External access to Envoy
External application consumers have no access to Contour, and relatively small access to Envoy. However, any vulnerabilities in Envoy’s traffic processing (which external users do have access to) also apply to Contour’s installation of Envoy, so the Contour team issues Contour patch releases each time an Envoy security release is issued, in which we update the expected version of Envoy in our example deployment and make the community aware of the fix for the vulnerability.
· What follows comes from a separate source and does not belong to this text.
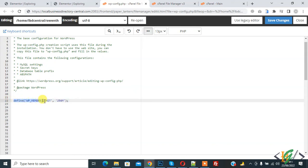Define wp-memory limit 256M. You can also add 512M here. Click on Save Changes.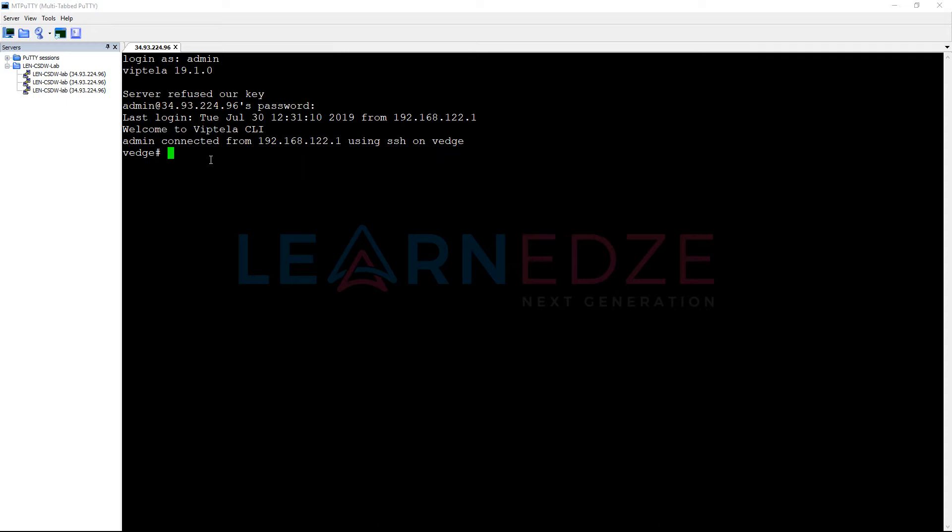Generally in your production enterprise networks, VEdge cloud will be enabled as VBond itself. Now, let us configure the basic information or the basic configuration in order to make VBond as a part of SD-WAN fabric.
Aside from ensuring that Envoy is patched regularly, Contour ensures that external access to Envoy is limited to only the ports that are designed to pass traffic.
Contour owner attacks
In general, we expect the operator of Contour to have full control over the installation, and so assume positive intent on their part, because a malicious administrator is not possible to deal with in this scope. What mitigations we place around Contour’s per-installation configuration is geared towards preventing accidental insecure configuration rather than deliberate malfeasance, alongside preventing Kubernetes privilege escalation by specifying the minimum Kubernetes access required by each component.
Other security checks
Bounds checking and input validation
The Kubernetes apiserver is very good at bounds checking and input validation for fields in Kubernetes objects, so we delegate a lot of that there, and assume generally that the values for any specific object are unlikely to be malicious in themselves. In short, we don’t need to worry too much about length checking for fields in objects, removing invalid characters, etc, as the apiserver does that for us.
As of this writing, Contour’s config file is vulnerable to some bound checking errors, but our planned mitigation for this is to move to a Config CRD.
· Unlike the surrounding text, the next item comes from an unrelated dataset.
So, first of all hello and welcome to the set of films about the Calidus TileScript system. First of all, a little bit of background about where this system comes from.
RBAC and privilege escalation prevention
We can’t control what owners of Contour do in their own clusters, but we do provide an example installation that codifies what we believe to be best practice in terms of Kubernetes privilege limitations. We provide limited roles that only grant access to the things required for the component (Contour or Envoy) to run, and ensure that the deployments use those roles. In addition, we’ve attempted to ensure that both the Contour and Envoy containers can safely be run as nonroot.
Static checking and code quality
We maintain a CI pipeline that runs golangci-lint including the usual set of Go static security checking, and enforce PR review for all merges to our main branch. Substantial changes are also subject to design review via a formal design document process.
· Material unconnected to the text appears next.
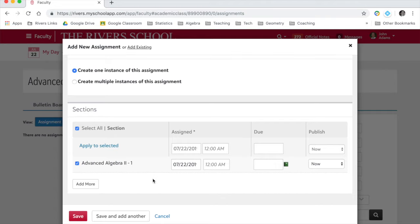And the great thing too is if you have multiple sections, so this is an example where I only have one section of Algebra 2, but if I had two, both my classes would pop up here so I could create the same assignment for both classes at the same time.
The Contour team works hard to understand the project’s security context and keep up with the state of the art for Kubernetes security. The team hopes that this examination of our security model provides some insight into both how we develop Contour and what adminsitrators should be thinking about to run Contour in as secure way as possible. We aim for secure-by-default as far as possible, and where we do have to allow risks, will document them here.